On the top of a panoramic hill stands the Fortified Saxon Church of Viscri, one of the most picturesque churches of Transylvania. The historical setting of the structure awaits its visitors to narrate the centuries of existence lived in a community of Saxons came here from the distant regions of the Rhine and Moselle for the order of King Béla II of Hungary during the 12th century.
On the place of the fortified church, in the 12th century, there was a chapel without tower built by the Székelys, with the circular apse oriented to the east and surrounded by a moat of land specifically for Bjelo-Brdo culture. Like all fortified churches, the church of Viscri is specifically dedicated to religious worship and the military defence of the community. Given the great number of invasions in the Middle Ages, Transylvania has more than 200 fortified churches with an architecture adapted to the needs of the war.
The architectural complex consists of the fortified church and by two fences of defense, of which only one has passed the test of time. The church consists of a trapezoidal nave, disposed on two levels. The access in the church is realized on the south side while the altar is oriented to the east, dominated by a picture signed by Pankratz, a painter of Rupea, containing the image "Let the children come to me".

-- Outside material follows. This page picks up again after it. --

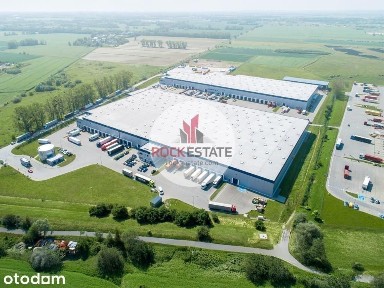 Magazyn 2299 m2 Gdańsk - 0% prowizji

The main attraction of the church is the baptism jar, made from a stone of a Roman capital of the 13th century positioned on a column belonging to the former chapel of the 12th century. The walls and furniture are painted according to the traditions of the place, while the pulpit canopy is circumscribed to a popular Baroque style of 1791. The organ was installed above the altar in 1723 and it was purchased for 145 guilders.
There is also a museum with many interesting objects that reveals aspects of the Saxons community life in Viscri, such as clothes, chests of craftsmen with various tools, furniture, and many other stories. And according to the customs of those times it could not miss the room of lard, an ancient custom of the Saxons who worked until the '90s.
Since 1999, the fortified church of Viscri, along with the village Viscri, was included on the list of UNESCO monuments, such as "fortified churches of Transylvania", making it a special destination to visit in the heart of Transylvania.